The NRA remains a force, so any legislation to rein in guns faces significant headwinds. On a couple of familiar issues, though, gun control advocates might finally be able to gain enough traction to overcome the gun lobby.
One is the closing the loopholes that allow some gun sales and transfers to be made without a background check, an idea supported by the vast majority of Americans, including pro-gun Republicans.
Sales through federally licensed gun shops and dealers already require the seller to run the name of the buyer through federal databases of people prohibited from owning a gun for any number of reasons (including having been convicted of a felony or certain domestic violence offenses, being subject to a protective order, or suffering from mental illness). Yet individual sales at gun shows, intra-family transfers, and some online purchases can be made without a background check, a bazooka-sized hole in efforts to keep guns out of the hands of people who legally can’t have them.
And even a required background check can be skirted. If the government does not complete the check within three days, the licensed dealer can complete the sale anyway. While the vast majority of checks proceed quickly, some encounter incomplete records or other wrinkles that slow the process. It is foolishness for the law to say, well, okay, here’s your gun anyway. That very loophole enabled Dylann Roof, who murdered nine Black people in a Charleston, S.C., church, to buy a gun he was barred from owning.
Gun-rights advocates frame mandatory background checks as placing an undue burden on someone’s ability to exercise a constitutional right, and universal background checks would interfere with a private sale of a legal item between two individuals.
But that’s not the case. Laws bar certain individuals from owning a firearm, and checking the names of buyers against that list to determine eligibility is a reasonable balance of interests (much like a store clerk checking an ID to make certain a customer can legally buy a six-pack of beer), whether the seller is a gun shop or your neighbor.
And the federal government is not building a gun registry, as the gun rights people argue; the records of who wants to buy a weapon are kept by gun dealers, and by law the government can’t computerize the handwritten records if they receive them after a gun dealer goes out of business.
Further, they argue, background checks do not keep criminals from buying firearms. While the checks may not be 100% effective (by definition, criminals break laws), more than 3 million purchases have been blocked out of more than 278 million checks performed since they were first required under the 1994 Brady Act. Closing the loopholes will make a difference.

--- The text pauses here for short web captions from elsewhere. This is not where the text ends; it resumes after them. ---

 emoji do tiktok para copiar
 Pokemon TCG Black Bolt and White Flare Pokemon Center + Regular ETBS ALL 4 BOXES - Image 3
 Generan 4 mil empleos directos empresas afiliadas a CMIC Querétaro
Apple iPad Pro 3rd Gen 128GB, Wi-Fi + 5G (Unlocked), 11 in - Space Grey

The House has passed two bills to tighten up background checks: the Bipartisan Background Checks Act, which would extend background checks to gun shows and many other exchanges between private parties, and the Enhanced Background Checks Act, which would give the government 10 days to complete a background check instead of three. Sen. Majority Leader Charles E. Schumer (D-N.Y.) has pledged to bring them up in the Senate, and President Biden urged passage of both bills during his address to Congress on Wednesday night.

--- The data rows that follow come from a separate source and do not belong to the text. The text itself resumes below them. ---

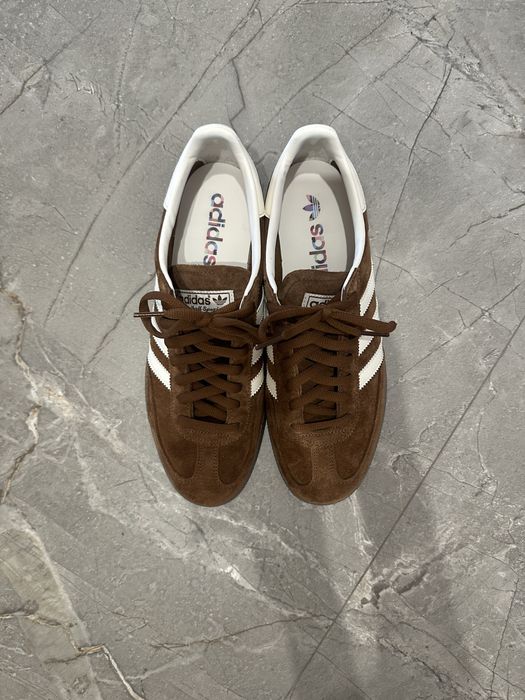 Adidas spezial коричневый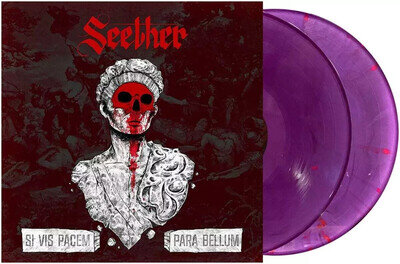Seether - Si Vis Pacem, Para Bellum (Hot Pink Splatter Vinyl) | 2LP Vinyl Record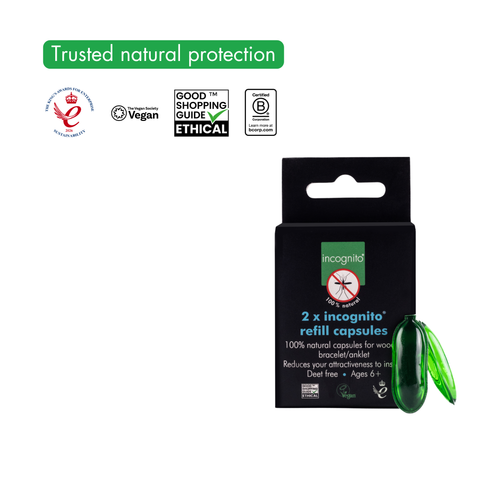 NEW Refill Capsule Pack for Insect Repellent Bracelet & Necklace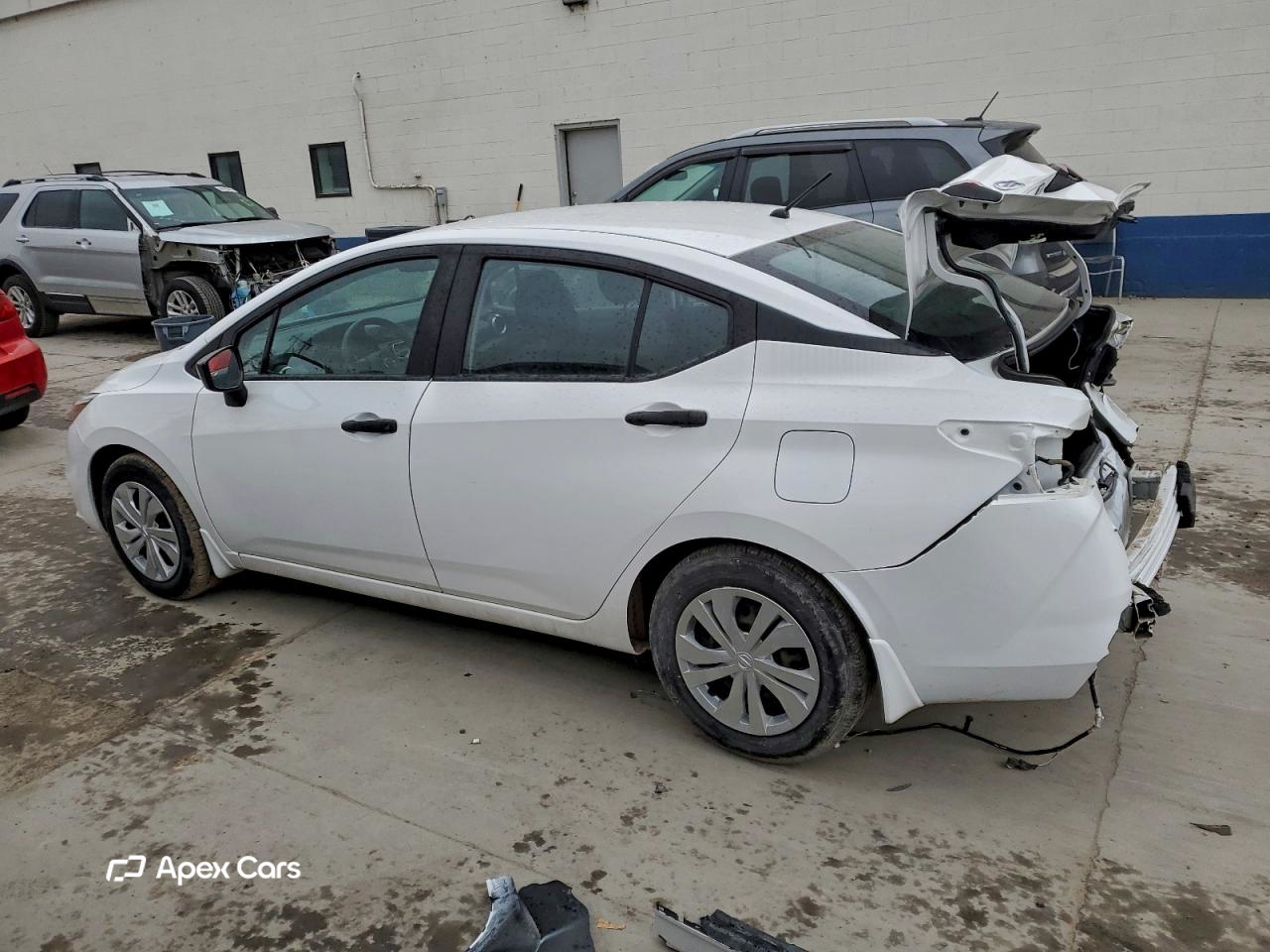 Nissan Versa 2021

Unfortunately, the measures still need support from at least 10 Republicans to overcome the inevitable filibuster by gun-rights zealots in the Senate. The nation can only hope that enough of them will find the courage to put public safety first and support these measures.

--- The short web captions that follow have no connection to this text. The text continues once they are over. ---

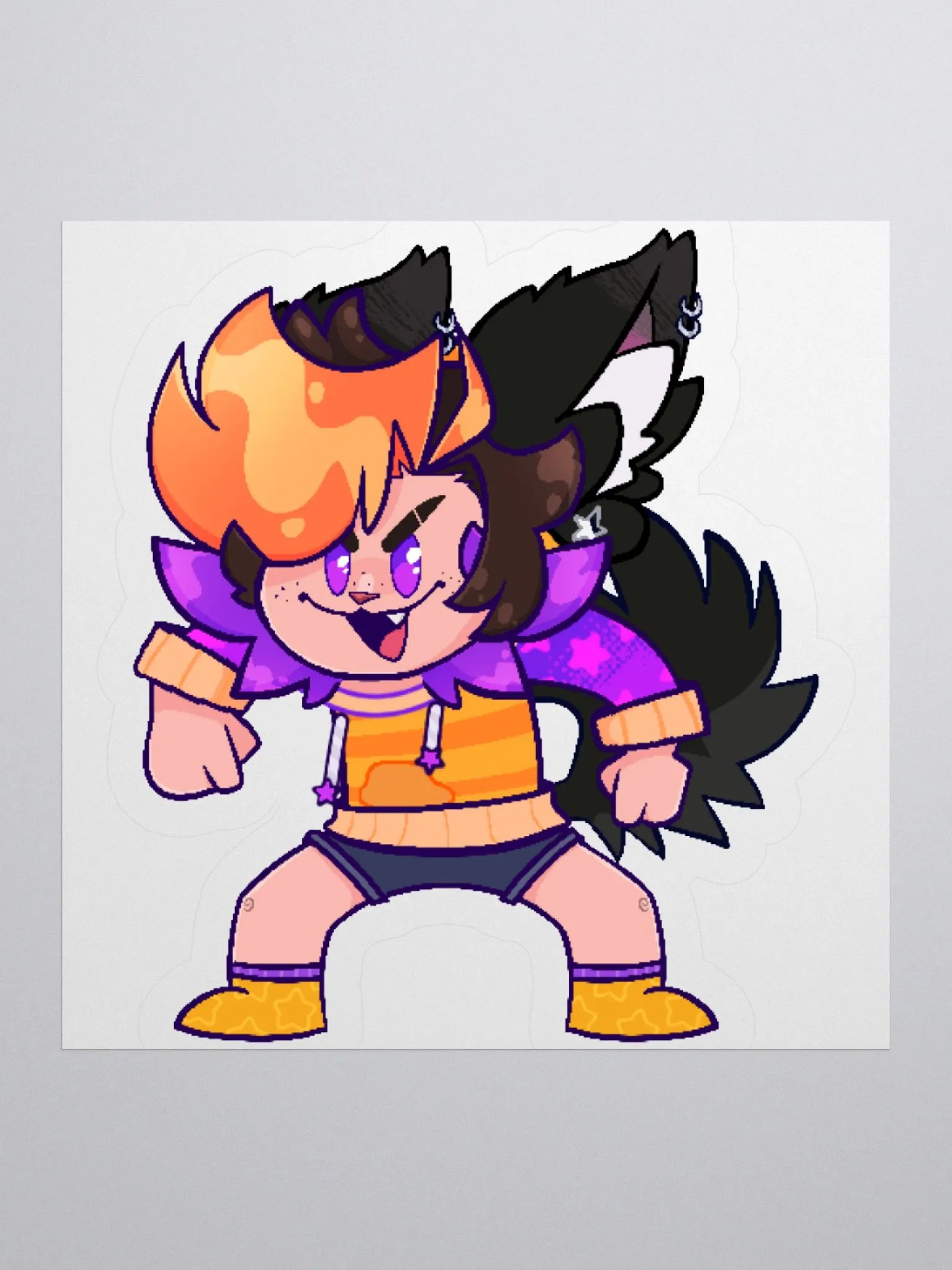 Gremlin Wawa Sticker product image (2)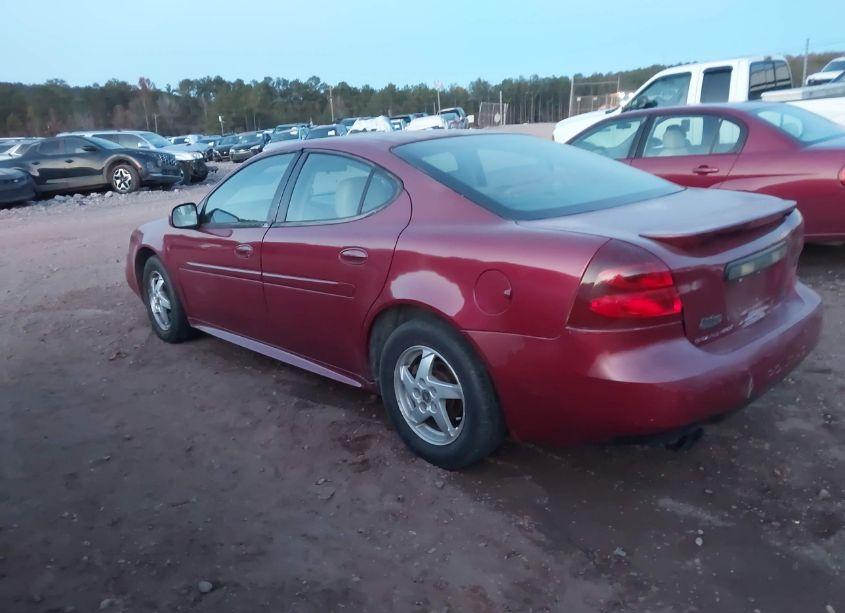Photo 3 of 2004 Pontiac Grand PRIX GT1 (VIN 2G2WP522041195548)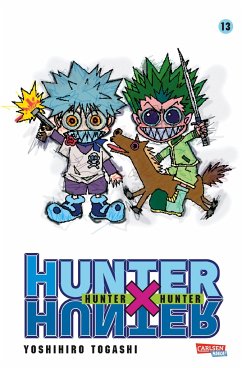 Hunter X Hunter Bd.13 - Togashi, Yoshihiro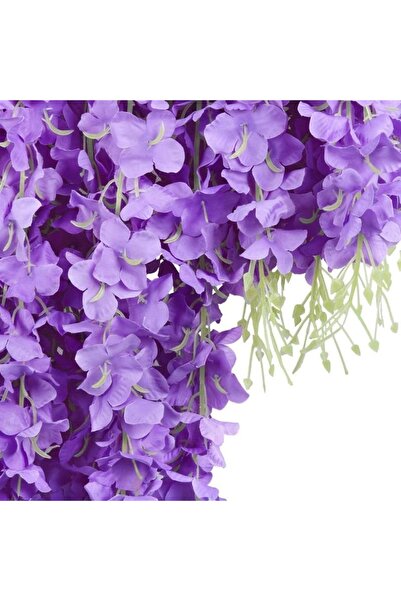 YASİMA AKASYA MOR 5 DAL DEKOR NİSAN DOĞUM GÜNÜ BALKON SÜSÜ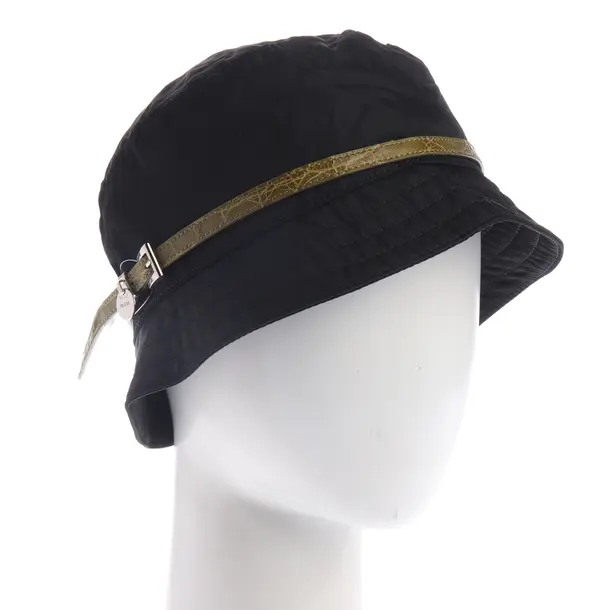 Hat, in Black, Polyimide, Prada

But to state the obvious, passing sensible gun control measures comes down to politics. People telling pollsters they support such laws is one thing; telling your representatives and Congress to put public safety ahead of the financial interests of the gun lobby is another, more crucial step. Reach out, make your voice heard.
The Orange County Register on the lack of “common sense” in proposed gun laws:
Gun-control supporters often propose what they describe as “common sense” gun laws.
It’s their latest mantra, but a host of new California firearms proposals makes clear that many of these proposals are more nonsensical than common sense. Reducing gun crime is a noble aim, but it’s hard to see how the latest proposals will move in that direction.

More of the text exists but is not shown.